[Start of section]
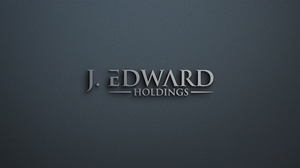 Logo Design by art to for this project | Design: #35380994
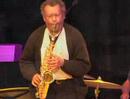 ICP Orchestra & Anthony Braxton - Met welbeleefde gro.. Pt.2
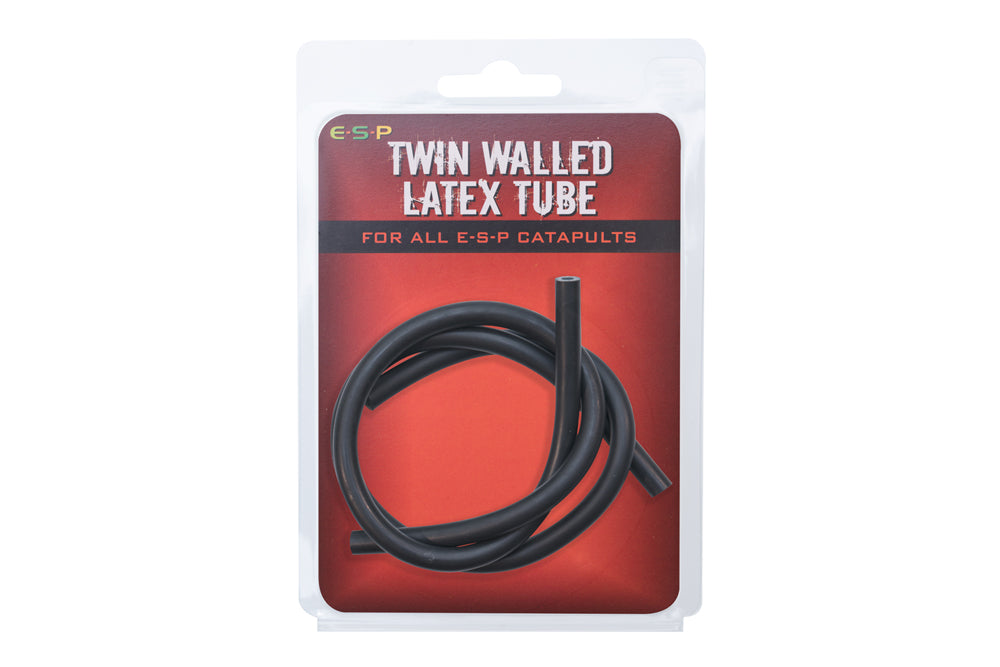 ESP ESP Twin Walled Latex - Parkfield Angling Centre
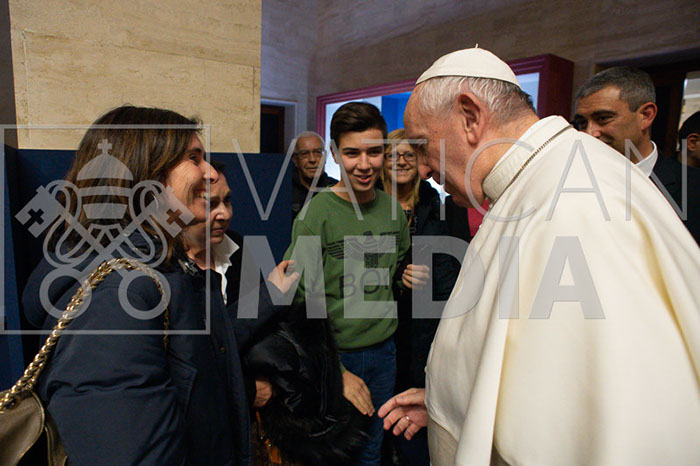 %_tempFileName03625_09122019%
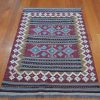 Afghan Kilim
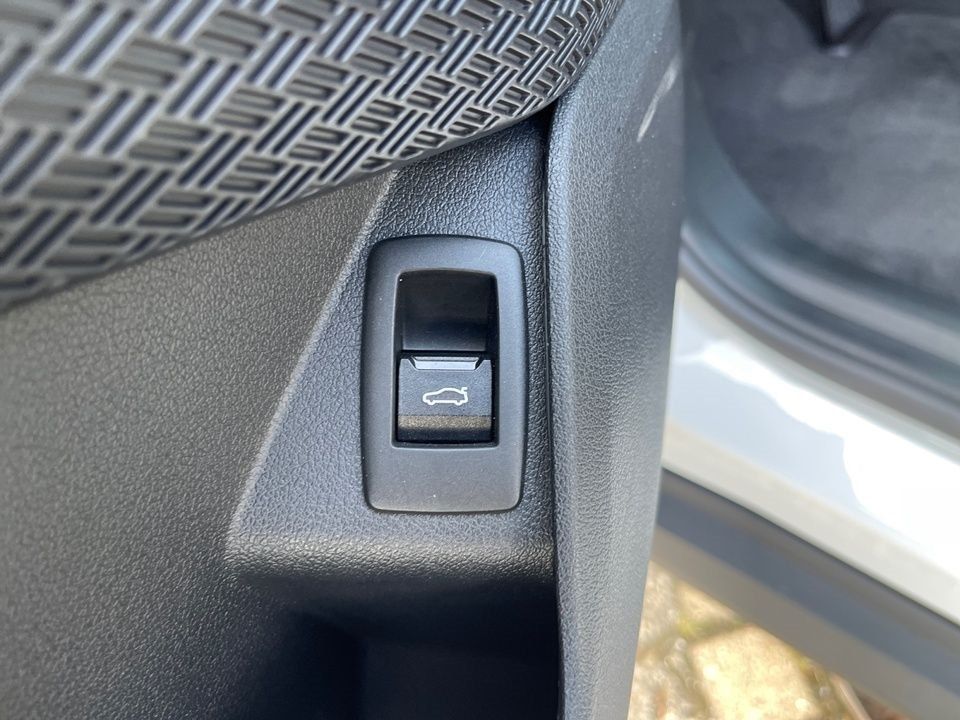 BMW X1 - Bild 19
[End of section]
**WHAT IS BEING ASKED:** Retype each line above exactly. Leave the images out.

**RESULT FOR THIS TASK:**
 Logo Design by art to for this project | Design: #35380994
 ICP Orchestra & Anthony Braxton - Met welbeleefde gro.. Pt.2
 ESP ESP Twin Walled Latex - Parkfield Angling Centre
 %_tempFileName03625_09122019%
 Afghan Kilim
 BMW X1 - Bild 19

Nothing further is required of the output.